### TASK:
Using the entries that follow, transcribe only the lines from the line with "Dekorative Szene mit" to the line with "Riverfront of Gantry", both included, exactly as they stand and without pictures.

[Opening EXERCISE MATERIALS section]

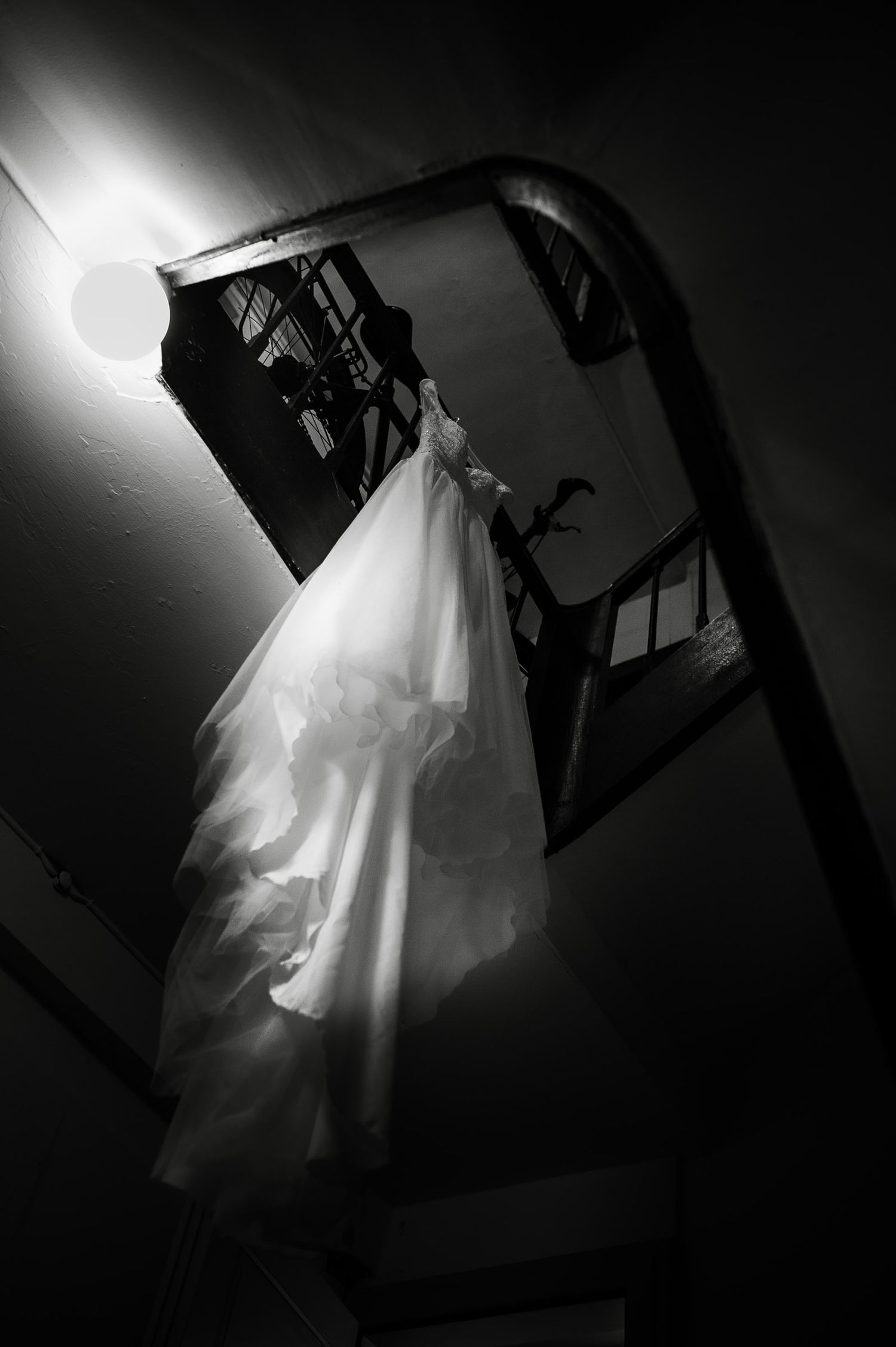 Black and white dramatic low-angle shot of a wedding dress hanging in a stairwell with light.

[Closing EXERCISE MATERIALS section]
[Opening EXERCISE MATERIALS section]

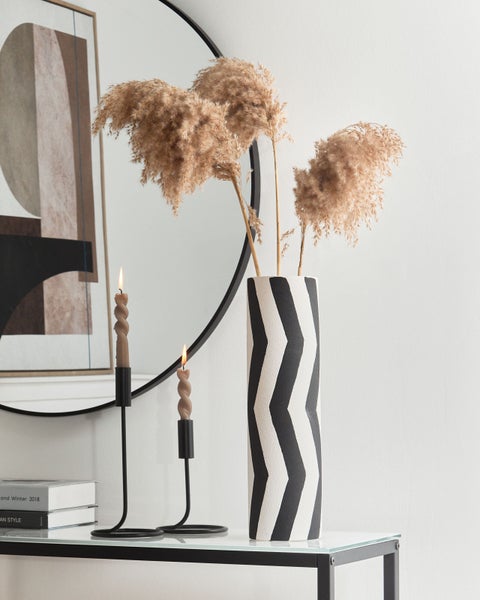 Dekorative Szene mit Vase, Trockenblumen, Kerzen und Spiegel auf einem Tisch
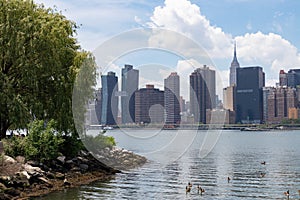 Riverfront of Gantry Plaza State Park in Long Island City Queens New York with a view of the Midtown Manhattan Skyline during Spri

[Closing EXERCISE MATERIALS section]

### SOLUTION BELOW:
 Dekorative Szene mit Vase, Trockenblumen, Kerzen und Spiegel auf einem Tisch
 Riverfront of Gantry Plaza State Park in Long Island City Queens New York with a view of the Midtown Manhattan Skyline during Spri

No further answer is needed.